As the world staggers out of the recent global financial crisis (European sovereigns notwithstanding), one asset class has captured the world's imagination. What Brazilian private equity represents is the sun-filled future of a new dawn.
It is, in many ways, a repudiation of everything that got us into the global financial crisis: it is about equity, not debt; it is about returns to growth, not leverage; it is about youth, vitality and demography, not pensions and aging and death taxes. It is exciting and forward thinking. Those who believe in it -- the Brazilianaires as they could be termed -- have a strong hold over the collective imagination. But is it actually real?
"With 53% of the Brazilian population now classified as being middle class, Asian investors can take advantage of a burgeoning consumer-driven growth story outside their home region," said Christian Gattiker, head of research for Bank Julius Baer. "The prudent macroeconomic policies of the out-going Lula administration promise longer term dividends in terms of growth and stability that make Brazil an important part of a diversified emerging-markets portfolio."
There is no doubt that Brazil is a macro success. The global financial crisis only delivered the country a glancing blow. Two quarters of contraction at the end of 2008 and start of 2009, and then a strong rebound. This macro success has attracted huge inflows of capital. In October 2009, the country became the first in the current cycle to impose controls on inward investment, so concerned was the government about the economy overheating.
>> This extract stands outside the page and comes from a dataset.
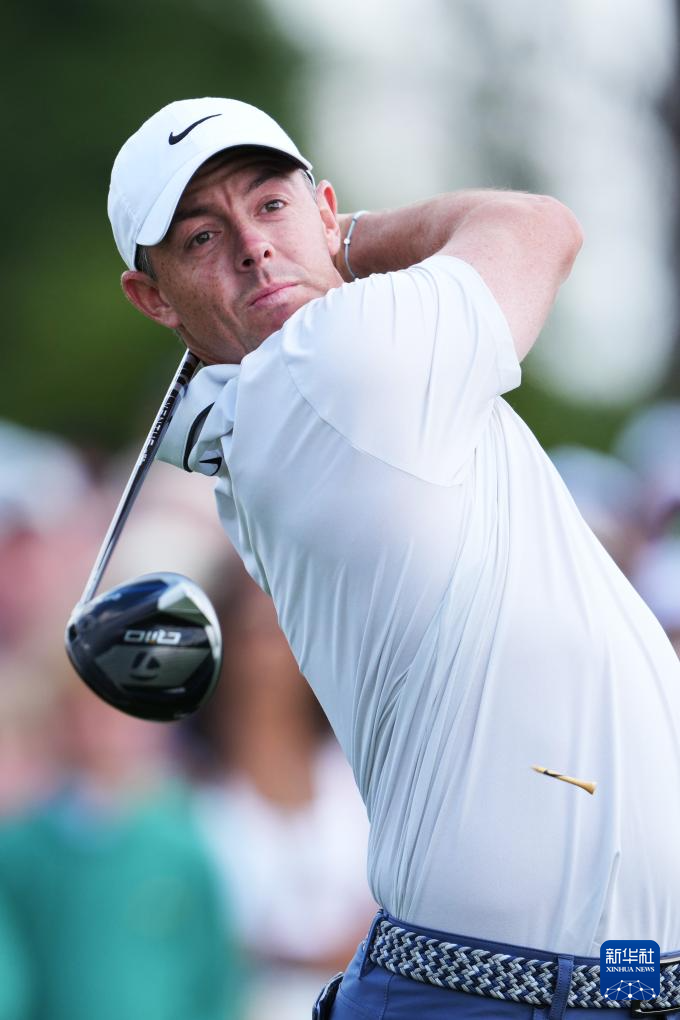 爱尔兰高尔夫选手低调夺冠，耀眼表现的简单介绍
The financial great and good are now extolling Brazil's general virtues and those of the private equity sector in particular. "The prospects for Brazil are better than at any time I have seen in the last 25 years," said David Rubenstein, co-founder and managing director of The Carlyle Group, speaking to FinanceAsia at the sidelines of the Brazilian Private Equity and Venture Capital Association (ABVCAP) annual conference in Rio de Janeiro. "There have been some false starts, but now Brazil will become one of the largest economies in the world and people want to put money to work in the country."
Carlyle is one of many global investors that are lining up to throw money at Brazil. According to the annual survey of global institutional investors carried out by the Emerging Market Private Equity Association (Empea) and Coller Capital, Brazil will be the world-leader in attracting new investors during the next one to two years.
"Brazil continues to lead the emerging markets in terms of attracting new investors, with almost one-in-five experienced emerging-market investor planning to begin investing in the country," said Erwin Roex, partner at Coller Capital in London.
Moreover, Brazil absolutely dominates investments into Latin America as a whole. Its primacy in the region is even more complete than that of China within Asia. According to the region-wide Latin American Venture Capital Association (Lavca), in 2009 Brazil accounted for 45% of the number of investments in the region and 62% of the value of those investments. In April, US private equity player Advent International closed the largest-ever Latin American private equity fund, LAPEF V, after raising funds of $1.65 billion. The majority of that is expected to go into Brazil.
Less scientifically, the presence of more than 400 investors, private equity firms, service providers (and the odd financial journalist) at the ABVCAP conference in Rio in April showed how much interest there is in the asset class.
"Ten years ago you could have held this conference in a closet," said Roger Leeds, chairman of the board at Empea. "Now look at it."